### EXERCISE OBJECTIVE
Work through the listing below and give again exactly the lines from the one with "Under Armour HOVR" to the one with "JOGO CHARADA 2 ALGAZARRA", both ends included. All other lines and all pictures stay out.

** Opening RECORDED DATA block **

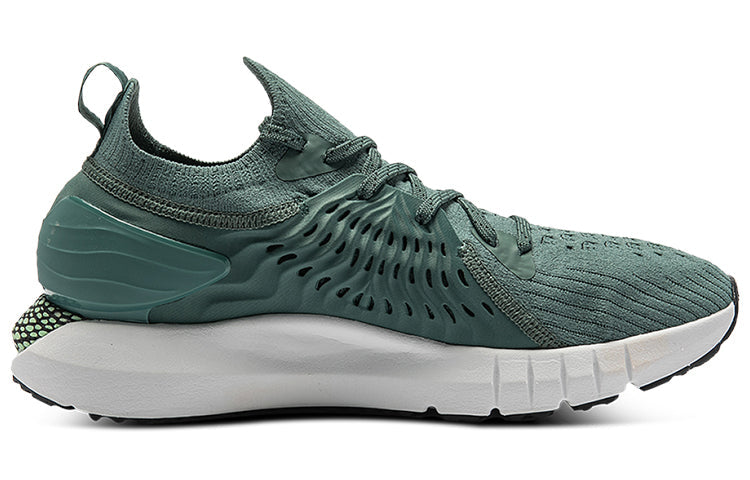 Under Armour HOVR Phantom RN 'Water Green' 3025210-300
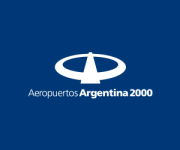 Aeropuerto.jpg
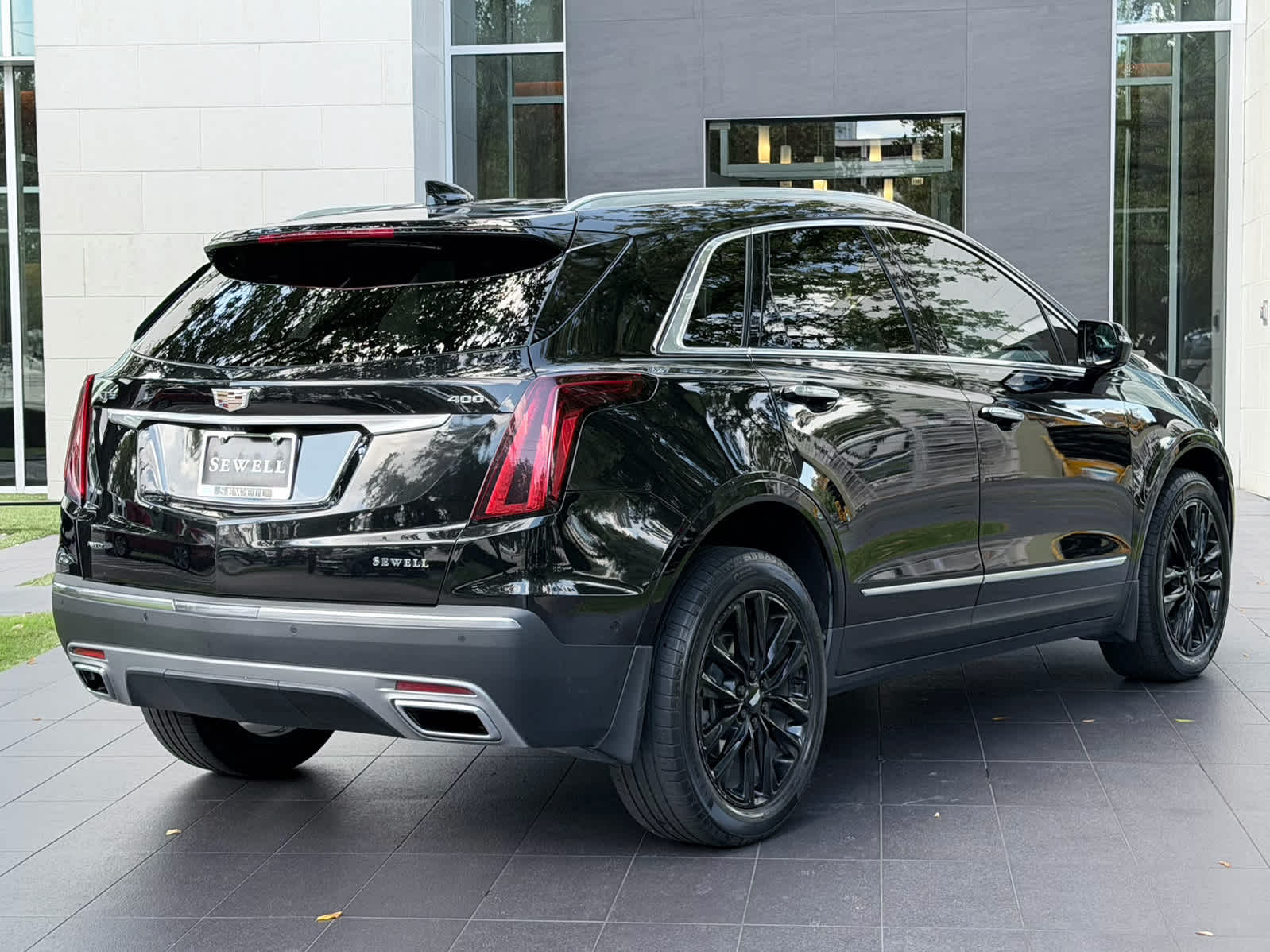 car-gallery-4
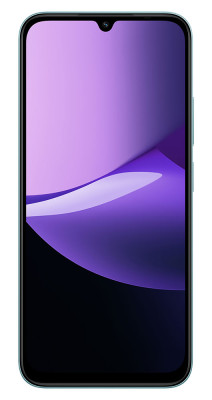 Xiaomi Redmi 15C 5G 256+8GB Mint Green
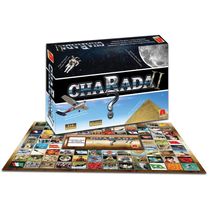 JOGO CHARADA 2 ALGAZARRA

** Closing RECORDED DATA block **
** Opening RECORDED DATA block **

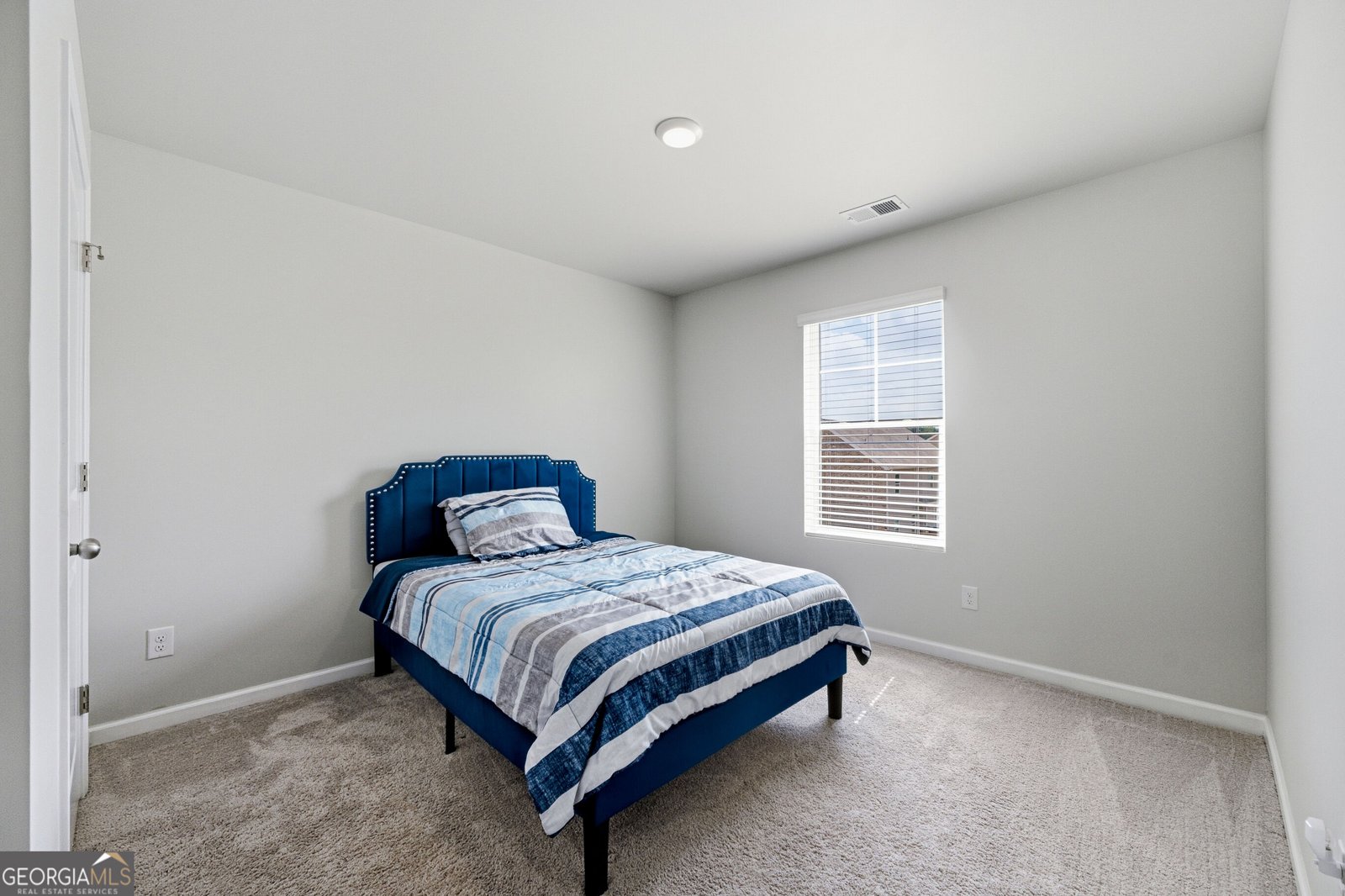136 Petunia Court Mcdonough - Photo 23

** Closing RECORDED DATA block **

### RESPONSE
 Under Armour HOVR Phantom RN 'Water Green' 3025210-300
 Aeropuerto.jpg
 car-gallery-4
 Xiaomi Redmi 15C 5G 256+8GB Mint Green
 JOGO CHARADA 2 ALGAZARRA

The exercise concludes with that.